Your objective
Could you return all of the entries word for word, minus any pictures?

━━━━━ Extracted data ━━━━━

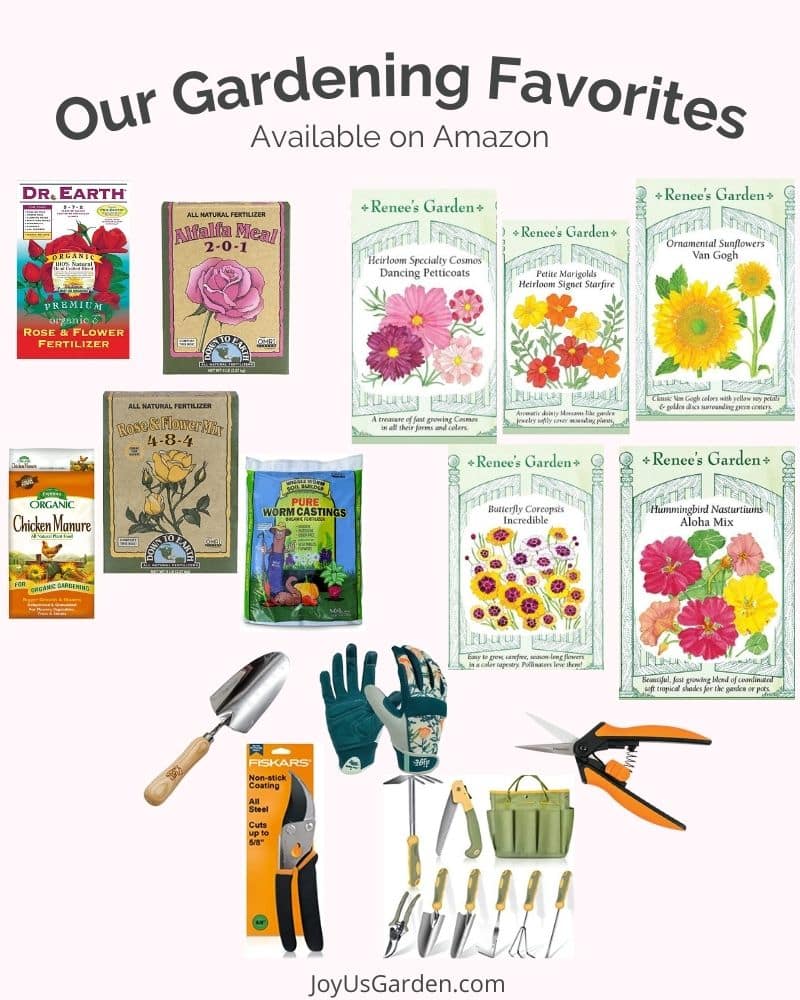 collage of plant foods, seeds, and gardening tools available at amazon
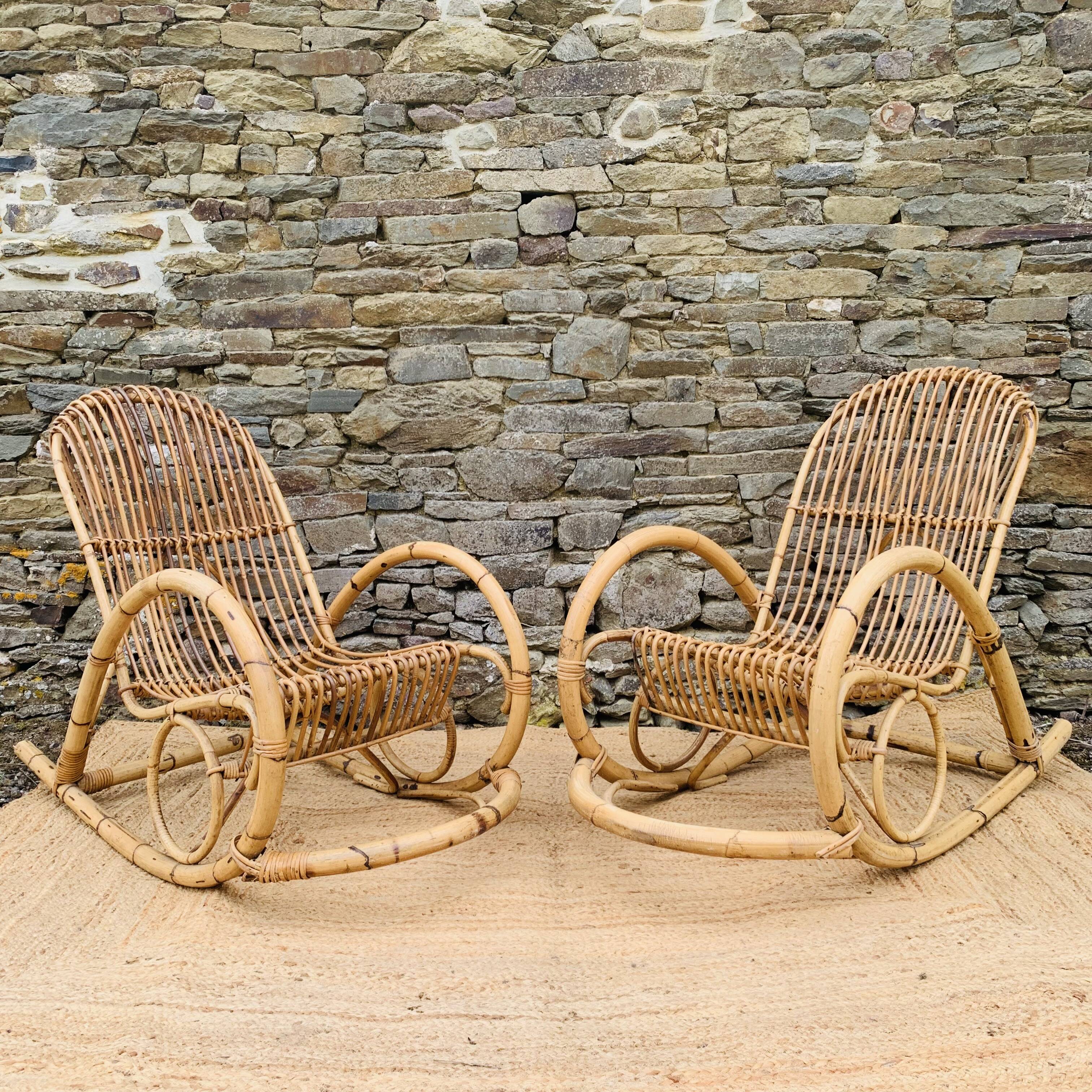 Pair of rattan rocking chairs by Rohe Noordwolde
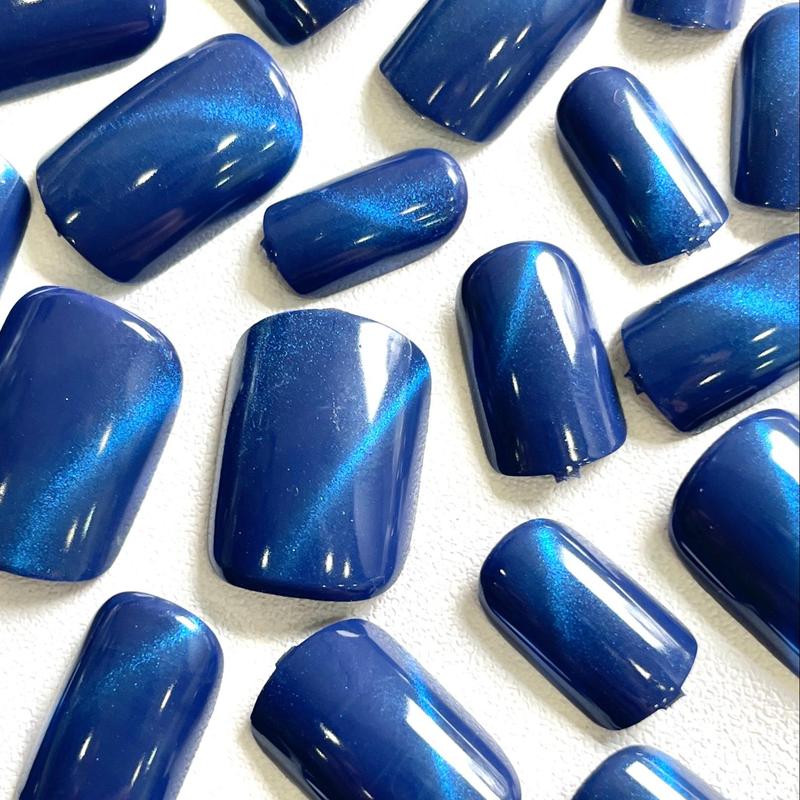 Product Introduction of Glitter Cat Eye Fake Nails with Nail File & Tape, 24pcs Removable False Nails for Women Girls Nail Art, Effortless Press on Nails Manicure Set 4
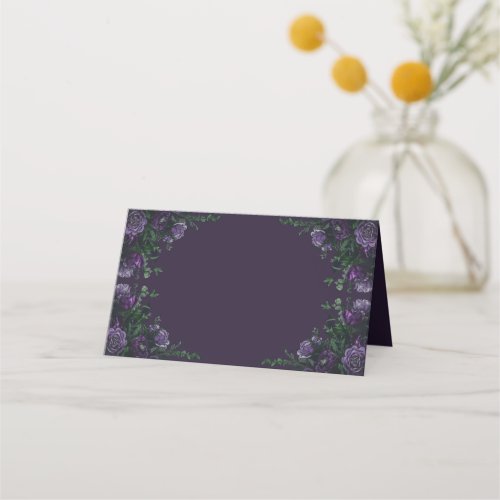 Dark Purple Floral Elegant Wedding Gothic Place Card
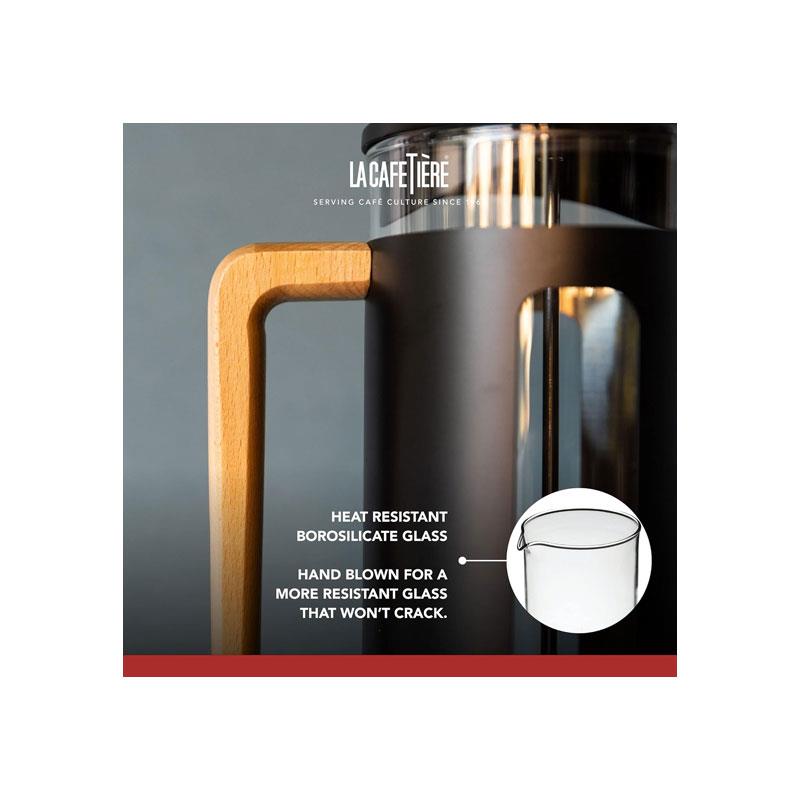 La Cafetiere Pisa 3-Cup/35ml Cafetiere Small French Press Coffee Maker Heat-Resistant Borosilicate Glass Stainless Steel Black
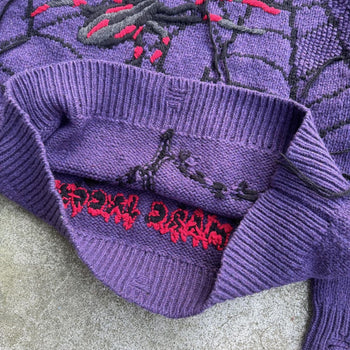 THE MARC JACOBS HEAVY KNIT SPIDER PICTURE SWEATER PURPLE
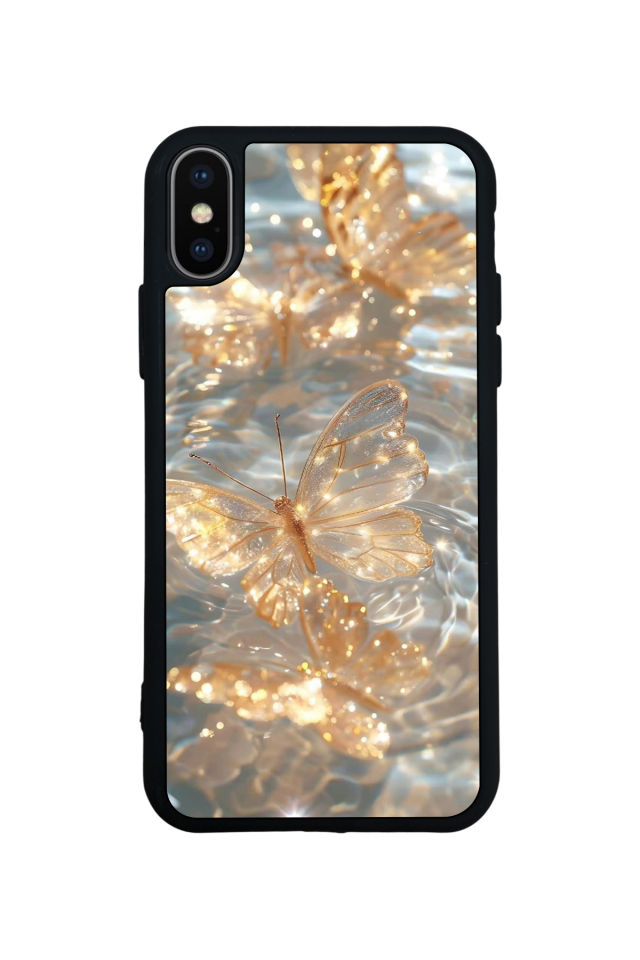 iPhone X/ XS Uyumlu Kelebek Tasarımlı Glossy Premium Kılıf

━━━━━

Your response
 collage of plant foods, seeds, and gardening tools available at amazon
 Pair of rattan rocking chairs by Rohe Noordwolde
 Product Introduction of Glitter Cat Eye Fake Nails with Nail File & Tape, 24pcs Removable False Nails for Women Girls Nail Art, Effortless Press on Nails Manicure Set 4
 Dark Purple Floral Elegant Wedding Gothic Place Card
 La Cafetiere Pisa 3-Cup/35ml Cafetiere Small French Press Coffee Maker Heat-Resistant Borosilicate Glass Stainless Steel Black
 THE MARC JACOBS HEAVY KNIT SPIDER PICTURE SWEATER PURPLE
 iPhone X/ XS Uyumlu Kelebek Tasarımlı Glossy Premium Kılıf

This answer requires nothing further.